(About this exercise) From the material below, please set down exactly the lines starting with the one with "Opel Corsa 1.7 DTI Comfort - 4" and going on through the one with "Luigis Italian Delicatessen", without a single picture.

(Input)
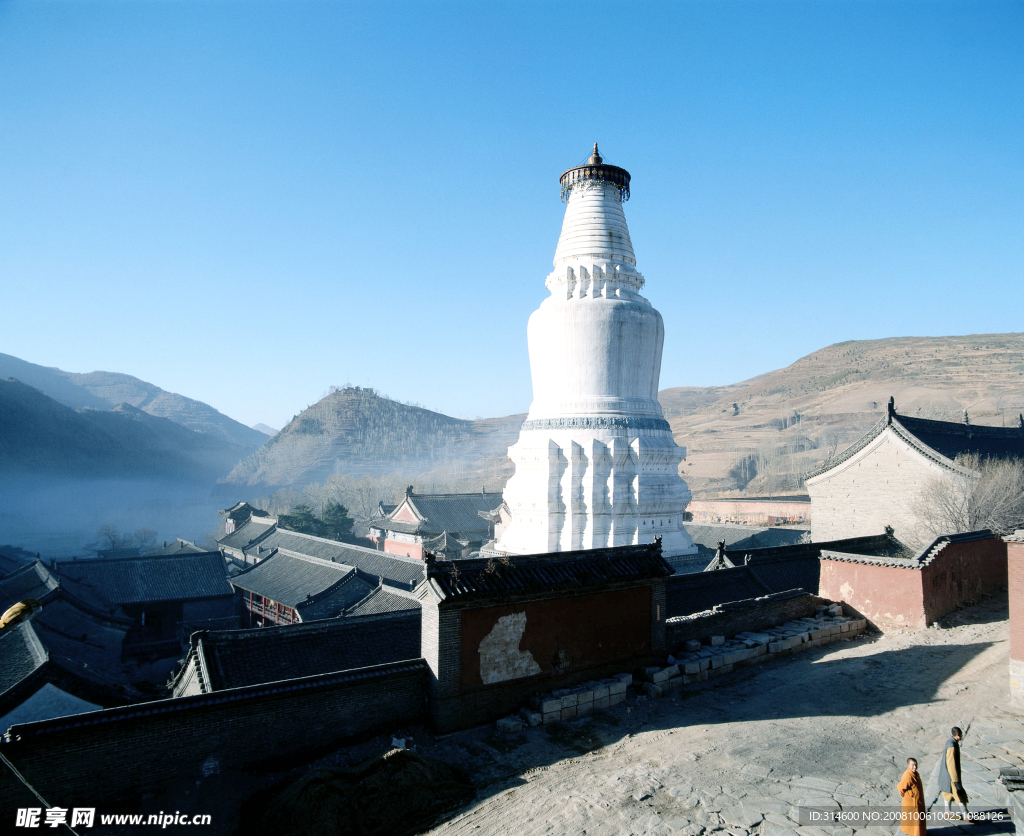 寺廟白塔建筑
==
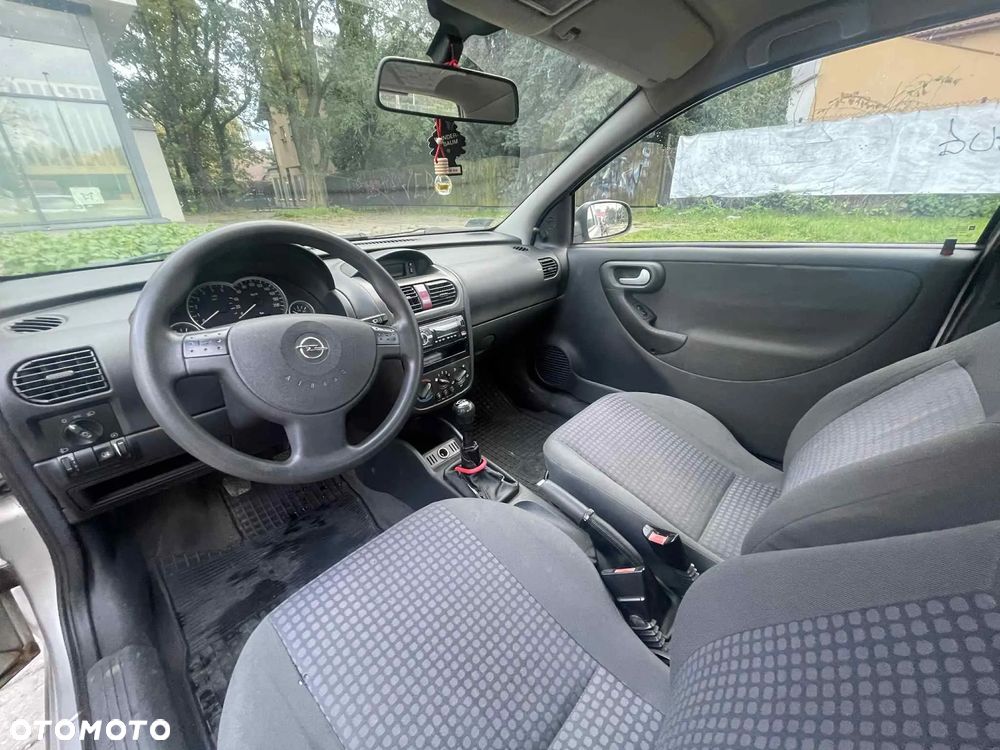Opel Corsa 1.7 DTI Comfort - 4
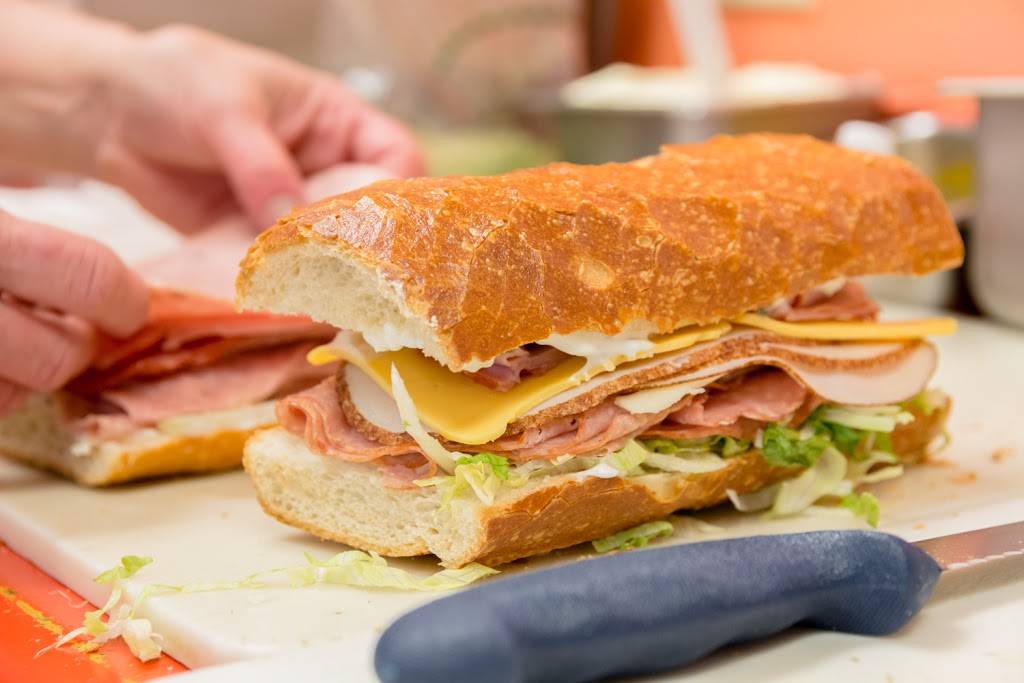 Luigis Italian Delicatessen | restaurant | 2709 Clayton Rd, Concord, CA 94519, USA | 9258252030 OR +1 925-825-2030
...
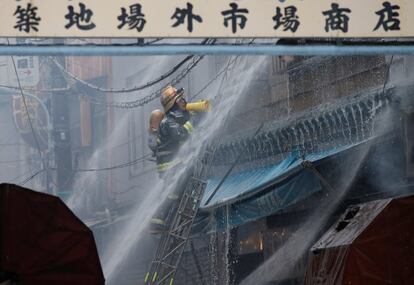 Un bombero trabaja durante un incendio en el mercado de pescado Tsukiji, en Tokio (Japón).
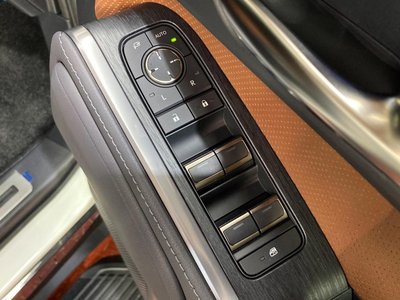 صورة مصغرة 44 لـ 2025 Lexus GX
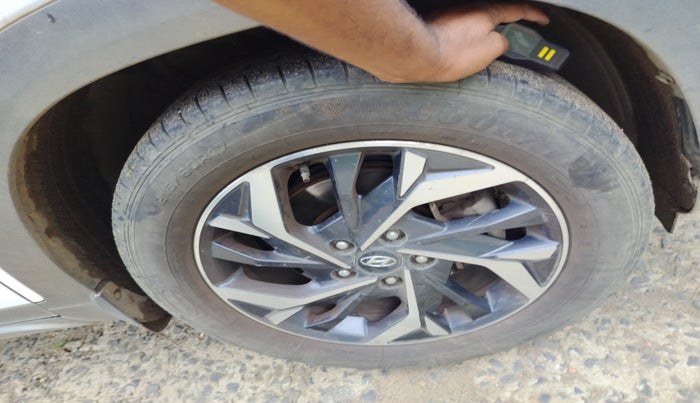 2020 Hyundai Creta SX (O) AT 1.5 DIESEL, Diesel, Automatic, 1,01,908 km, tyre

(Your solution)
Opel Corsa 1.7 DTI Comfort - 4
 Luigis Italian Delicatessen | restaurant | 2709 Clayton Rd, Concord, CA 94519, USA | 9258252030 OR +1 925-825-2030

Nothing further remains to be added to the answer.